#### DATA SUPPLIED
<<<<
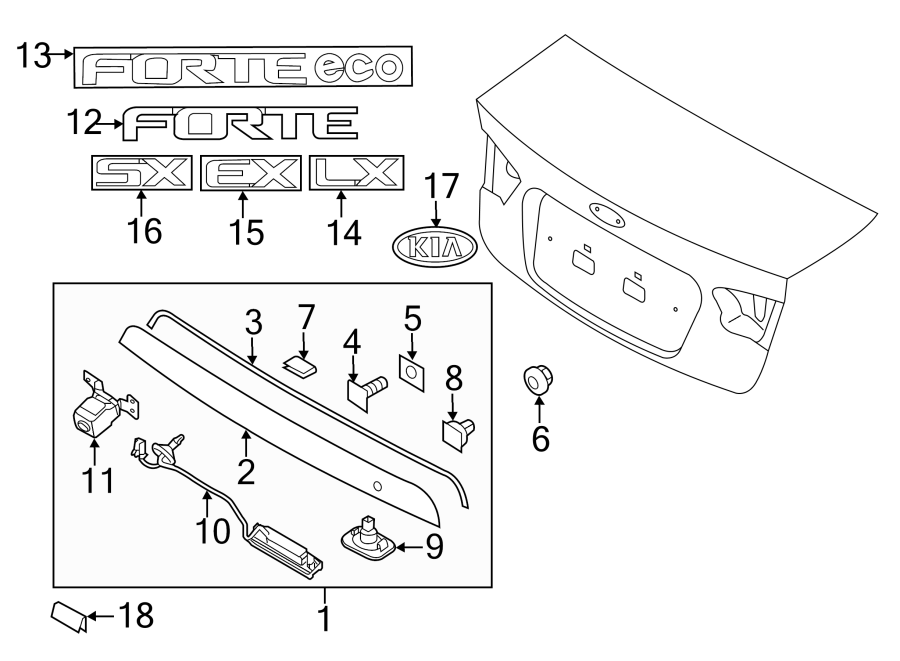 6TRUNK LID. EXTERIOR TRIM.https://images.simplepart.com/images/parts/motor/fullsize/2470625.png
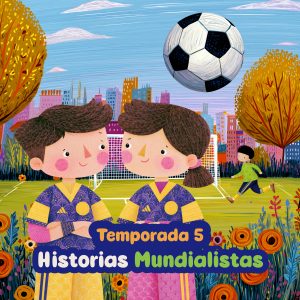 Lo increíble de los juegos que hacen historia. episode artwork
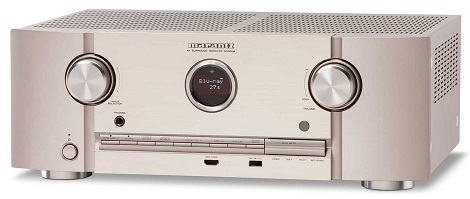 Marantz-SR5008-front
>>>>
<<<<
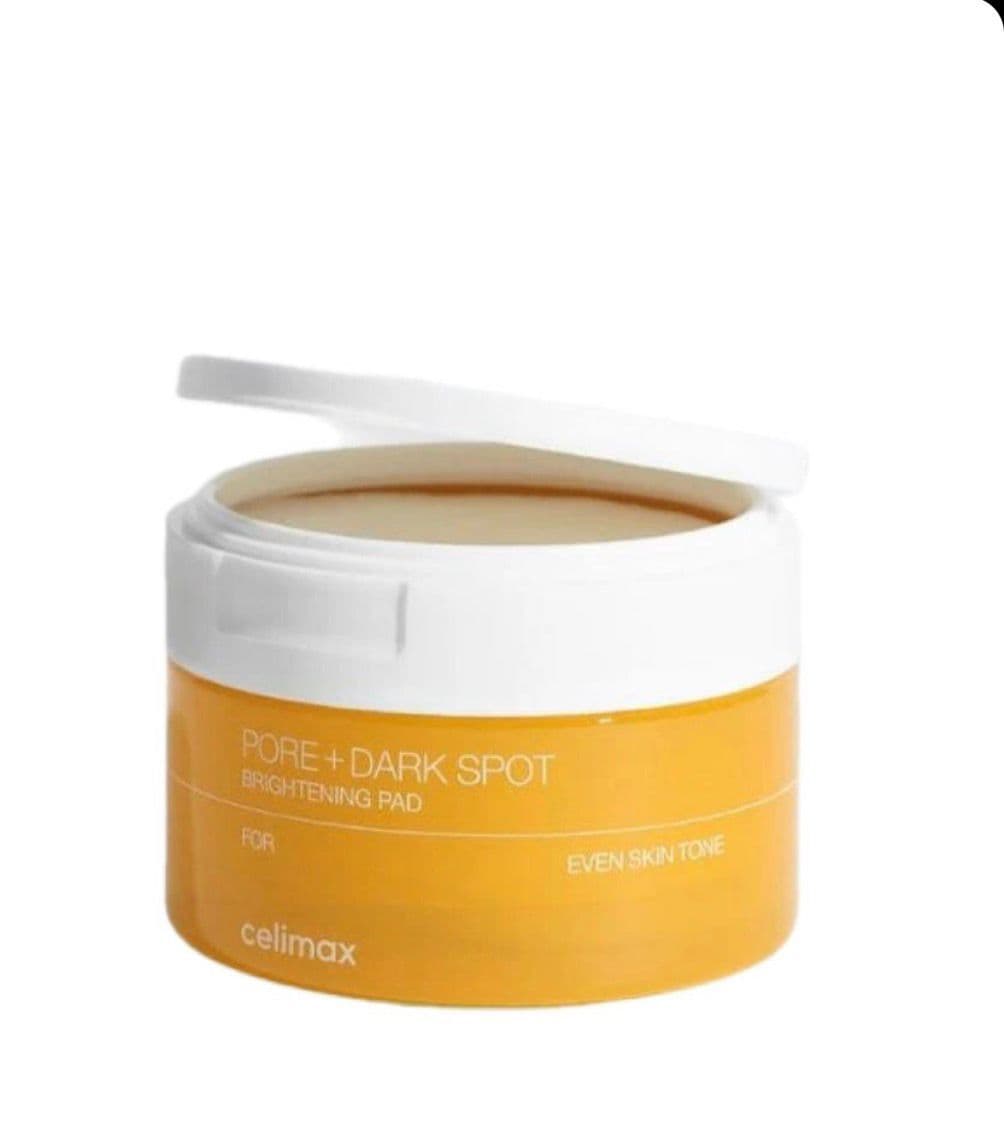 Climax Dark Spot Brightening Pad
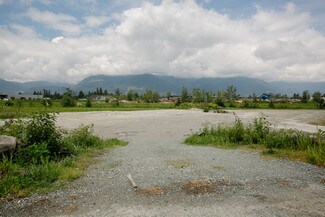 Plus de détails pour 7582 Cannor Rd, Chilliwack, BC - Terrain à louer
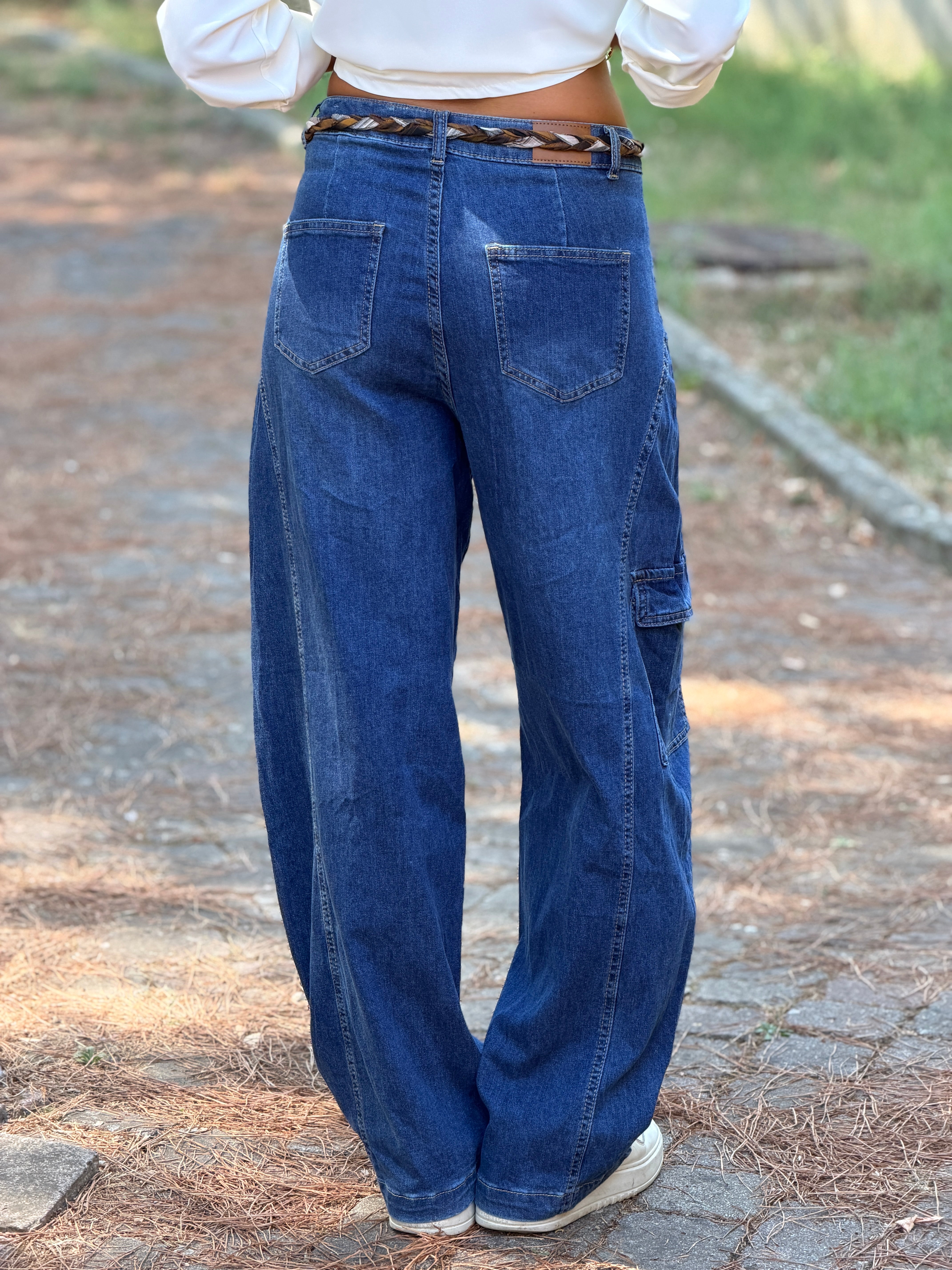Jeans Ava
>>>>
<<<<
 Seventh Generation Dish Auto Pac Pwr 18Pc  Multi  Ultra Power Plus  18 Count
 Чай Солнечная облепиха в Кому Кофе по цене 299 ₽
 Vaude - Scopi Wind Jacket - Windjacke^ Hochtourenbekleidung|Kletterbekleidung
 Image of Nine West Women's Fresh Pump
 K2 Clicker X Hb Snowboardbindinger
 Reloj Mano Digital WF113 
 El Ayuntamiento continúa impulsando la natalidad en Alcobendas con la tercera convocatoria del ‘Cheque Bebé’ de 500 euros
>>>>
#### TASK DESCRIPTION
Everything from the line with "Vaude - Scopi" through the line with "El Ayuntamiento continúa" in the listing above must be retyped exactly, with nothing added.

#### ANSWER
 Vaude - Scopi Wind Jacket - Windjacke^ Hochtourenbekleidung|Kletterbekleidung
 Image of Nine West Women's Fresh Pump
 K2 Clicker X Hb Snowboardbindinger
 Reloj Mano Digital WF113 
 El Ayuntamiento continúa impulsando la natalidad en Alcobendas con la tercera convocatoria del ‘Cheque Bebé’ de 500 euros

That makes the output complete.